Jacob Villa, School Authority
Practice With a Mock Interview
A college interview will often include questions about academic performance and extracurricular activities. A high school student can ask friends or family to help them conduct a mock interview. This gives them a chance to practice so that they’ll be well-prepared for any questions they might be asked.
Adrian Cole, HIDE
Demonstrate Your Growth
The admissions interview is a way for you to showcase your personality apart from impressive GPAs, test scores, and other scholastic achievements. At my company, a globally recognized education consulting company specializing in college application strategy, we believe that it is important to demonstrate growth in your answers.

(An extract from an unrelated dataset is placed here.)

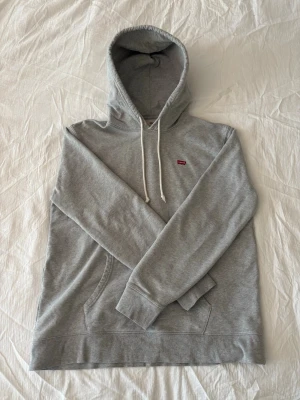 Grå hoodie från Levi's - Snygg grå hoodie från Levi's med klassisk röd logga på bröstet. Känguruficka och ribbade muddar vid ärmslut och nederkant. Perfekt för en avslappnad och stilren look.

All of the admission’s officers see student achievements on the applications. Interviewers appreciate the stories behind the achievements — the obstacles you faced, how you grew, and what you learned and applied in your life. This shows maturity and college readiness and will definitely make you stand out from the rest of the applicants. Be passionate and elaborate when giving your answers. Giving one-word or even one-sentence answers won’t cut it. The best way for you to show your proficiency in communication is to give detailed, relevant, and thoughtful answers.
Josephine Sulayao, Cardinal Education
Don’t Memorize Answers
There are many web pages with the most common college interview questions. Do not memorize them, do not only practice answers to these questions. Recruiters conduct thousands of interviews and do not want to hear the same answers repeatedly. As you prepare for your college interview, ask someone to interview you, relying on internet questions. Make your responses spontaneous, unlearned. You have been invited to an interview; recruiters want to know the real you and not listen to learned answers.